The other day, we were at a restaurant with our little dog, Picasso. While there, a couple of ladies sat down next to us with their own dogs — three of them. Not a problem. However, during the course of our visit and meal, there were occasions when then dogs barked.
This rankled me somewhat, and I made a comment that I think it rude for owners to subject others in a closed environment like a restaurant where dog-barking is not a distraction that is expected or appreciated. Serious conversation ensued:
– Dogs (like humans) need to be put into the environment about which you want to train them.
– Fair enough. But maybe something like the environment without imposing on people around you?
– But how would that be an authentic context?
I rebutted with the story of a Seattle Seahawks linebacker that lived above us with his wife and 2-year-old daughter. Papa and baby girl would regularly play by bouncing balls off the walls and floor, running and crashing, making life below them somewhat unpeaceful as well as scary: the light fixtures hanging from our ceiling/their floor would fizz and sputter. So I had to go up there and talk to them. I was met with, “What do you expect? She’s a 2-year-old, and 2-year-olds need to play.” My reply explained that we are in a communal living situation (condominium) where their floor is our ceiling, and excusing the fact that “the girl needs to play” is tantamount to presupposing that the rest of us are obliged to help them raise their kid by tacitly enduring the process.
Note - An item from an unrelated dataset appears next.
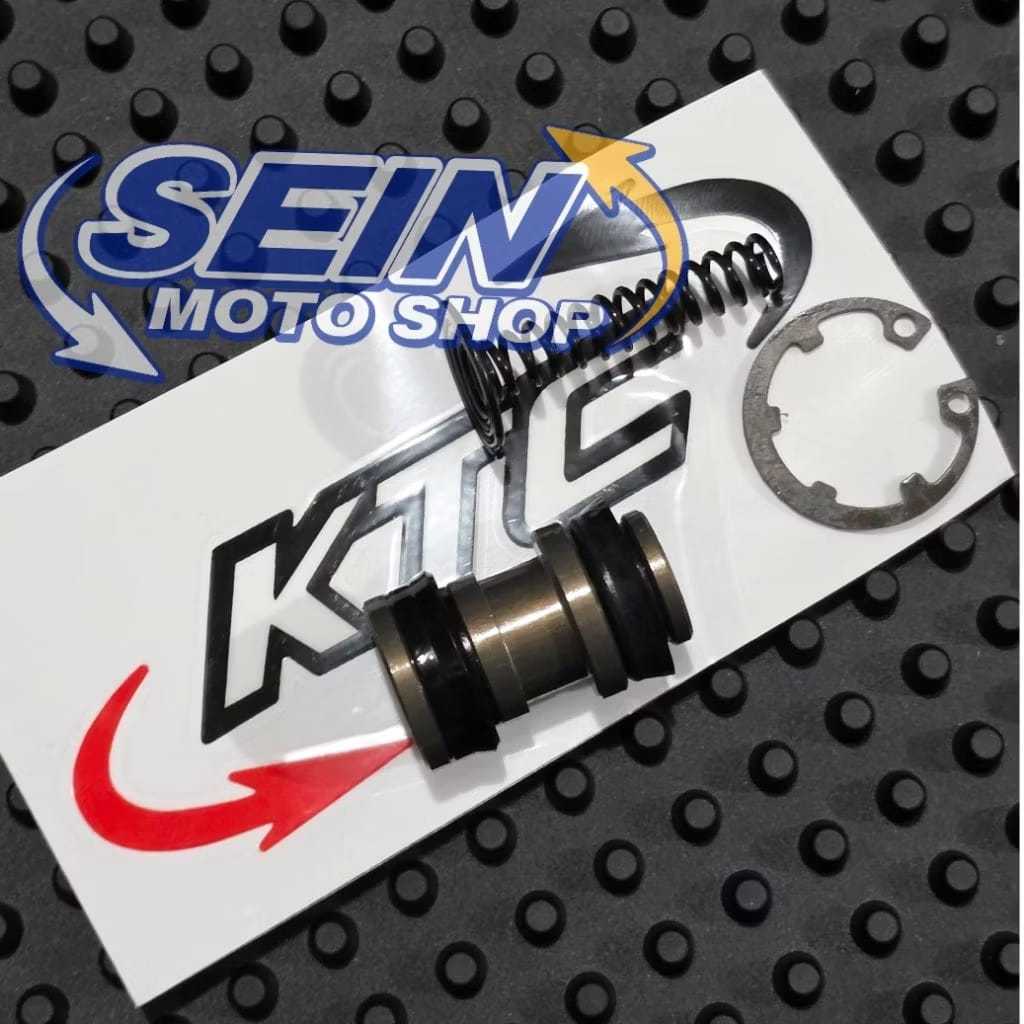 Seal Master Rem Ktc Racing 17 mm Radial Lengkap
My friend’s reply to this story was a species of the “No True Scotsman” rhetorical technique, but dog-related: “any true dog-lover” would allow for an owner to train his dog where it needs to be trained in order for it to achieve mastery of the situation. She added on top of that that my dog was an exceptional dog, from which I was left with the unspoken conclusion that, therefore, I shouldn’t meter my patience for others using an exceptional specimen as my measure. There are so many things that could provoke a dog to bark: strange noises, dimming lights (to see the fireworks), the fireworks, and more to which my dog is apparently immune.
So, if I continued to judge the dog-owners (behind me) harshly, I was no true dog-lover because otherwise, I’d have more patience with the owners’ training their dogs to be good restaurant visitors (…whether or not the owners were trying?).
Oh man! Am I or am I not a “true dog-lover”? I’m absolutely sure that I’m not a dog-lover to the degree she is. But am I, like, a faux dog-lover because I love my dog, who is evolved so that my loving him does not extend to the rest of the species?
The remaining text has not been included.